Project 3_1
Project 3_1: Employee Salary Analysis using Python
Objective
In this project, we will analyze employee salary data using Python.
We will learn how to:
-
create an employee dataset
-
analyze salary details
-
compare departments
-
understand salary distribution
-
visualize experience vs salary
-
extract HR business insights
This project is useful for understanding basic HR analytics using Python.
Cell 1: Import Required Libraries
import pandas as pd
import matplotlib.pyplot as plt
Here we are importing two important libraries.
pandas is used to work with data in table format.
matplotlib.pyplot is used to create graphs and visualizations.
Cell 2: Create Employee Dataset
data = {
"Employee": [
"Arun", "Sneha", "Rahul", "Priya", "Kiran",
"Anjali", "Ravi", "Meena", "John", "Asha"
],
"Department": [
"IT", "HR", "Finance", "IT", "Marketing",
"HR", "Finance", "IT", "Marketing", "Finance"
],
"Experience": [1, 2, 3, 4, 5, 6, 7, 8, 9, 10],
"Salary": [
25000, 30000, 40000, 50000, 45000,
55000, 65000, 70000, 75000, 85000
]
}
Here we are creating a small employee dataset manually.
The dataset contains:
-
Employee: employee name
-
Department: department name
-
Experience: work experience in years
-
Salary: employee salary
This type of data is commonly used in HR analytics.
Cell 3: Convert Data into DataFrame
df = pd.DataFrame(data)
df
Here we convert the dictionary into a Pandas DataFrame.
A DataFrame is like a table with rows and columns.
In data analysis and machine learning, most datasets are handled in DataFrame format.
Cell 4: Display First Few Records
df.head()
head() displays the first five rows of the dataset.
This helps us quickly check whether the data is created correctly or not.
Cell 5: Check Dataset Shape
df.shape
shape tells us how many rows and columns are available in the dataset.
Example output:
(10, 4)
This means the dataset contains:
-
10 rows
-
4 columns
Cell 6: Check Dataset Information
df.info()
info() gives basic information about the dataset.
It shows:
-
column names
-
number of non-empty values
-
data type of each column
This helps us check whether the data contains missing values or wrong data types.
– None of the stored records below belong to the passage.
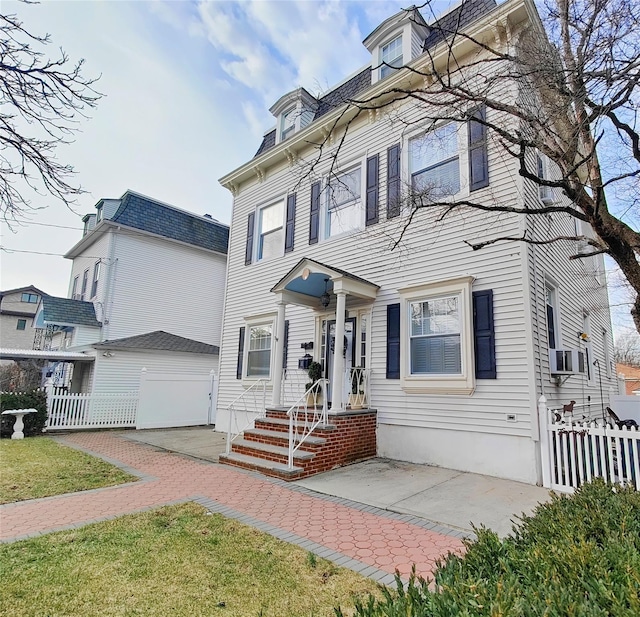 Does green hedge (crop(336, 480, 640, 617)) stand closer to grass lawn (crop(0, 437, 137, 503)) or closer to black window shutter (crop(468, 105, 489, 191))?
grass lawn (crop(0, 437, 137, 503))

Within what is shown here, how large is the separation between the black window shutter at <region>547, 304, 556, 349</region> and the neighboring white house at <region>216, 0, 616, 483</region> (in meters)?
0.03

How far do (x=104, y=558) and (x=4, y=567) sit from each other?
761 mm

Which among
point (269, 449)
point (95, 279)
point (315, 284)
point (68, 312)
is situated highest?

Cell 7: Statistical Summary
df.describe()
describe() gives statistical information about numerical columns.
It shows:
-
count
-
mean
-
minimum value
-
maximum value
-
standard deviation
-
25%, 50%, and 75% values
This helps us understand salary and experience distribution.
Cell 8: Check Missing Values
df.isnull().sum()
This checks whether there are any missing values in the dataset.
isnull() checks missing values.
sum() counts missing values in each column.
If the output is 0 for every column, it means there are no missing values.
Cell 9: Average Salary
average_salary = df["Salary"].mean()
print("Average Salary:", average_salary)
Here we calculate the average salary of all employees.
mean() is used to calculate the average value.
This helps HR teams understand the overall salary level in the company.
Cell 10: Highest Paid Employee
highest_salary = df[df["Salary"] == df["Salary"].max()]
highest_salary
Here we find the employee who has the highest salary.
max() gives the maximum salary value.
Then we filter the dataset to display the employee with that salary.
Cell 11: Lowest Paid Employee
lowest_salary = df[df["Salary"] == df["Salary"].min()]
lowest_salary
Here we find the employee who has the lowest salary.
min() gives the minimum salary value.
This helps identify the lowest salary range in the company.
Cell 12: Sort Employees by Salary
df.sort_values(by="Salary", ascending=False)
This sorts employees based on salary.
ascending=False means highest salary will come first.
This helps us quickly see the top earning employees.
Cell 13: Top 3 Highest Paid Employees
top_3 = df.sort_values(by="Salary", ascending=False).head(3)
top_3
This displays the top 3 highest paid employees.
Companies often analyze top earners for compensation planning and salary structure review.
Cell 14: Department-wise Average Salary
department_salary = df.groupby("Department")["Salary"].mean()
print(department_salary)
Here we group employees based on department.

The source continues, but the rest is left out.